───── COLLECTED DATA

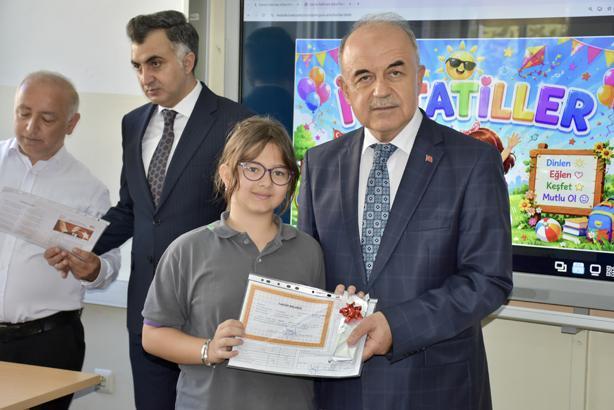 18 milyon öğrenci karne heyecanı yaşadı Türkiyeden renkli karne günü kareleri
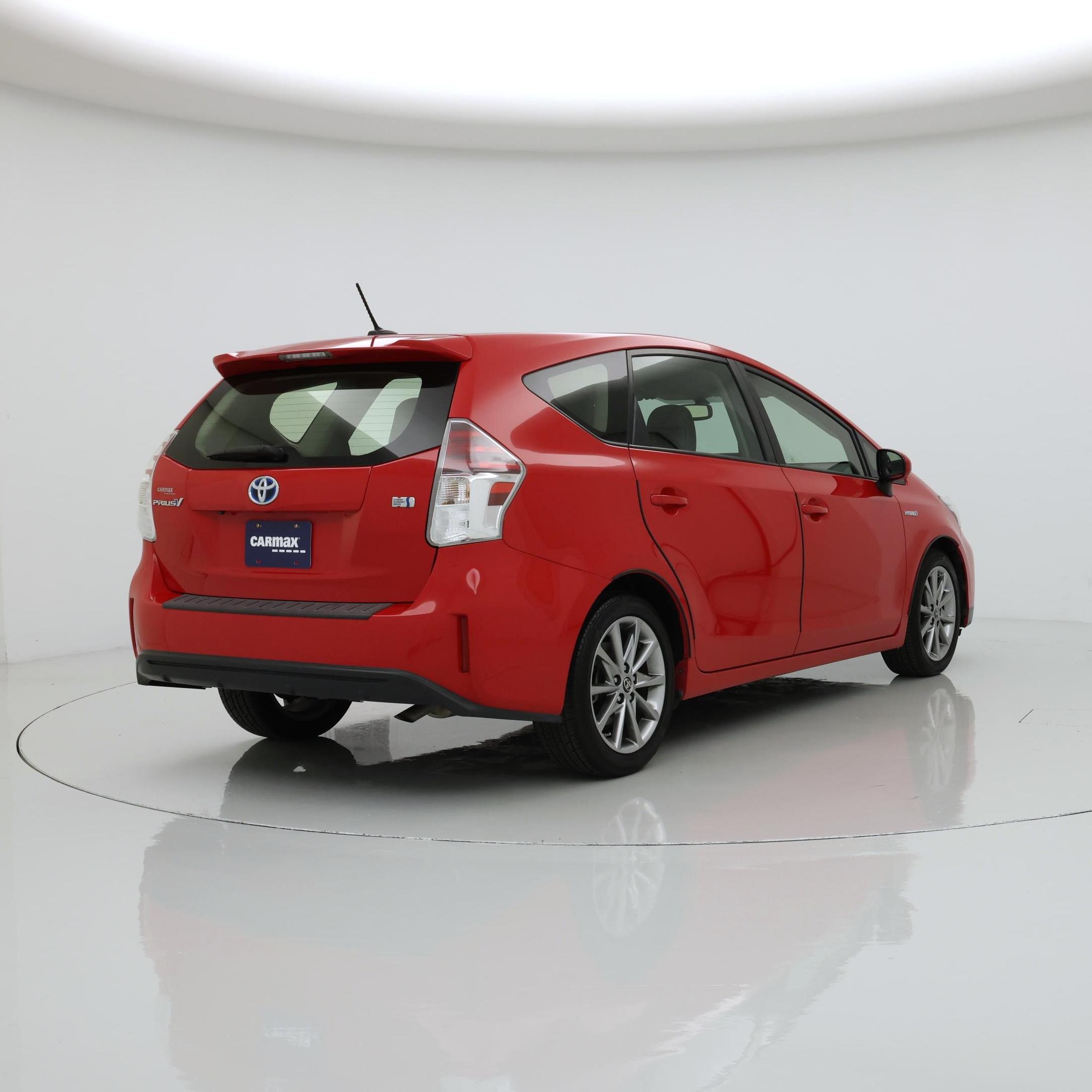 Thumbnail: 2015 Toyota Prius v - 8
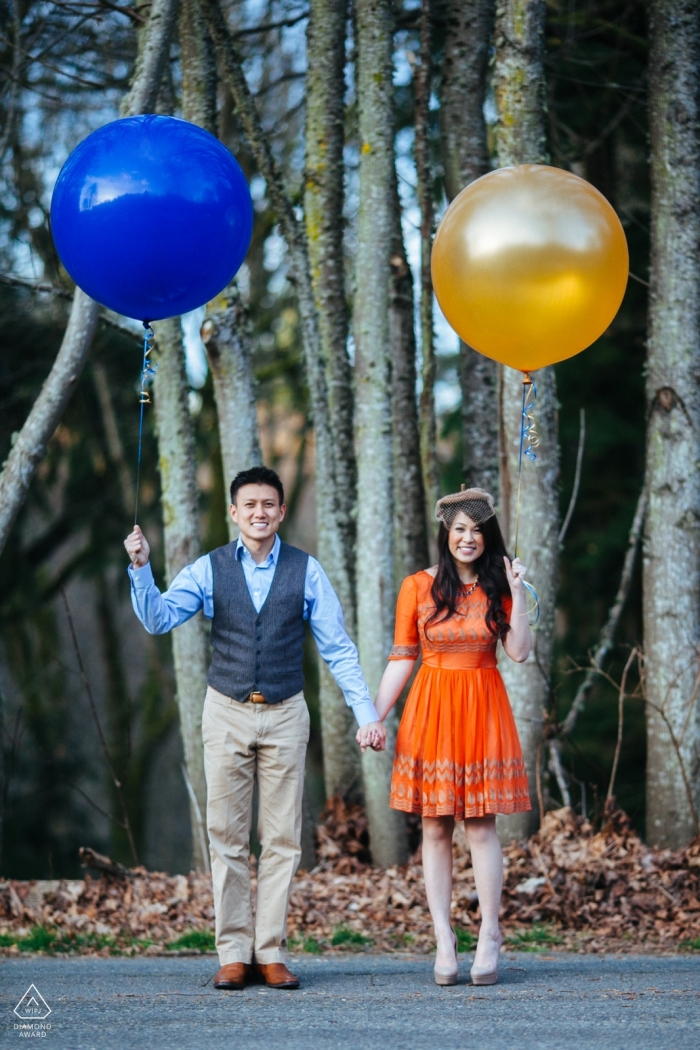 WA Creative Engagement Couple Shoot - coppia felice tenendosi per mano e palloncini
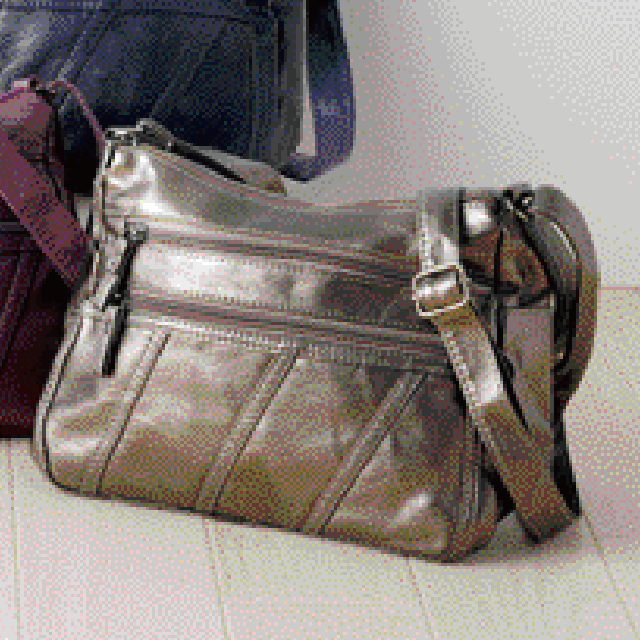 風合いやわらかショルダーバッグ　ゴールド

──────────

## PROBLEM TO WORK ON
Say again, word for word, every line from the one with "Thumbnail: 2015 Toyota Prius v - 8" through the last line of the data above, minus the pictures.

## YOUR SOLUTION
 Thumbnail: 2015 Toyota Prius v - 8
 WA Creative Engagement Couple Shoot - coppia felice tenendosi per mano e palloncini
 風合いやわらかショルダーバッグ　ゴールド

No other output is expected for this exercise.